Société

Le spectacle à 100 millions de dollars

Par : Renée Larochelle
Il est venu beaucoup, beaucoup de monde à Québec pour assister au spectacle de Paul McCartney, le 20 juillet, à l’occasion des fêtes du  400e. Les restaurateurs et les hôteliers n’ont pas manqué de profiter de cette manne tombée du ciel. La nouvelle de la présence de l’ex-Beatle à Québec a aussi fait le tour de la planète. Les médias qui ont parlé de l’événement touchaient plus de 200 millions de personnes, selon la Direction générale de la Société du 400e. Si tout le monde affirme que les retombées économiques sont incontestables et que l’événement a donné à Québec une très grande visibilité, que penser de sa valeur médiatique -  sa valeur en placements publicitaires – établie à plus de 100 millions de dollars par la Direction du 400e d’après un estimé fait par la firme Influence Communication?

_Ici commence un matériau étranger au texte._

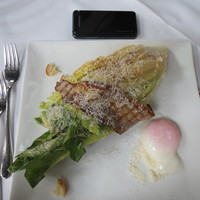 RESTAURANT DAZZLE - シーザース・サラダ　温泉玉子とベーコンの網焼き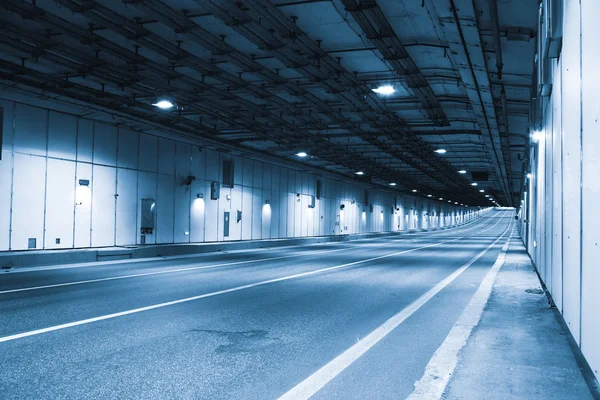 Túnel moderno para el transporte de vehículos de carretera — Foto de Stock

«Le public n’entend pas parler de la façon dont on a mesuré ces résultats tout simplement parce qu’il juge qu’il n’y a pas d’intérêt à la connaître», soutient Christian Desîlets, professeur de publicité sociale au Département d’information et de communication. «Le dévoilement des résultats fait partie du spectacle, souligne-t-il. Plus on arrive à des résultats spectaculaires lors d’une évaluation, plus les méthodes d’analyse utilisées doivent être rigoureuses. Qu’il s’agisse du Grand Prix automobile du Canada ou du Championnat mondial de hockey, la crédibilité des chiffres reliés à la valeur médiatique dépend toujours des méthodes employées. Ces méthodes doivent être transparentes et le travail doit être effectué par une firme d’analyse médias indépendante des organisateurs de l’événement.» 

Un coup de maître
Revenons au spectacle de Paul McCartney. Est-ce à dire que les touristes du monde entier vont se précipiter à Québec parce qu’ils ont lu ou entendu quelque part que le célèbre chanteur y a fait un saut? Selon Christian Desîlets, ce n’est pas tout de savoir qu’il y a une ville qui s’appelle Québec, encore faut-il savoir qu’il s’y passe souvent des choses intéressantes. C’est là qu’entre en jeu le concept de «familiarité» en publicité. Cette familiarité va contribuer au choix de la destination, de la même manière qu’on choisit une marque plutôt qu’une autre, parce qu’on en a entendu parler à plusieurs reprises. Bref, plus on entendra parler de Québec, plus les gens viendront la visiter. En ce sens, la venue de Paul McCartney constitue un coup de maître pour faire augmenter la cote de notoriété de Québec.   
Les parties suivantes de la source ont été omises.